Search code examples
apache-sparkpysparkrdd

Pyspark set on list of tuples


I am relatively new to Pyspark. I have an RDD made up of a list of tuples. I would like to call a function on the RDD that does the equivalent of the python set() function that gets rid of any duplicates.

I am also trying to understand this theoretically on a distributed system. How does a set function work if the RDD is spread out across multiple workers? How does it determine what is a duplicate or not if it is working with a simple RDD and not a Pair RDD?

Given an input RDD of unique tuples, where the elements in the tuples need to be unique i.e. order does not matter.

Input:

myTup = [('cat', 'dog'), , ('mouse', 'duck'), ('duck', 'cat'), ('cat', 'dog'), ('dog', 'cat'), ('dog', 'horse'), ('cat', 'duck'), ('dog', 'horse'), ('dog', 'horse')]

I would like to something equivalent to:

tuple_fix = list(set([tuple(sorted(t)) for t in my_Tup ]))

And get the output:

[('cat', 'dog'), ('mouse', 'duck'), ('duck', 'cat'), ('dog', 'horse')]

Thanks for taking the time!


Solution

  • Here's a high level explanation that hopefully explains how this can work1 in a distributed system.

    First make an rdd out of myTup:

    rdd = sc.parallelize(myTup)
    print(rdd.collect())
    #[('cat', 'dog'),
    # ('mouse', 'duck'),
    # ('duck', 'cat'),
    # ('cat', 'dog'),
    # ('dog', 'cat'),
    # ('dog', 'horse'),
    # ('cat', 'duck'),
    # ('dog', 'horse'),
    # ('dog', 'horse')]
    

    Each tuple can be sorted independently. Each worker can grab a subset of the rows and sort- this is pretty straightforward.

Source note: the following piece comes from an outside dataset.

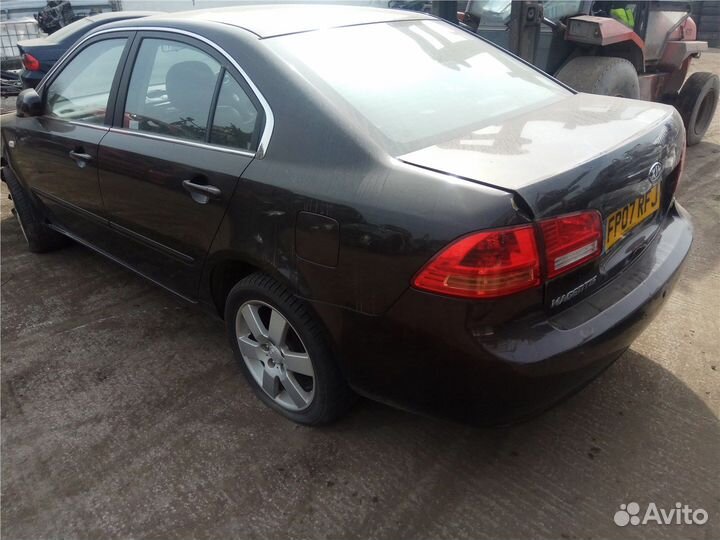 Разбор на запчасти киа Magentis 2005-2010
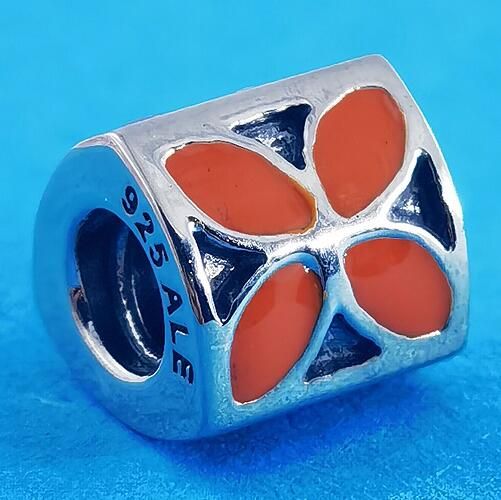 AAA GRADE S925 ALE Sterling Silver Charms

    sorted_rdd = rdd.map(lambda t: tuple(sorted(t)))
    print(sorted_rdd.collect())
    #[('cat', 'dog'),
    # ('duck', 'mouse'),
    # ('cat', 'duck'),
    # ('cat', 'dog'),
    # ('cat', 'dog'),
    # ('dog', 'horse'),
    # ('cat', 'duck'),
    # ('dog', 'horse'),
    # ('dog', 'horse')]
    

    In order to get the distinct elements from sorted_rdd, you can use distinct(). The way this can be done in a distributed way is through hashing. A hashing algorithm is used to decide which worker (reducer) gets each row. This will split up the data among your executors while ensuring that all duplicates will be sent to the same machine.

    Finally each machine just emits the distinct tuples from the data that it has been sent.

    print(sorted_rdd.distinct().collect())
    #[('cat', 'dog'), ('duck', 'mouse'), ('dog', 'horse'), ('cat', 'duck')]
    

    Notes:

    1: I am not certain that this is exactly how this is implemented, but it is one way to do it.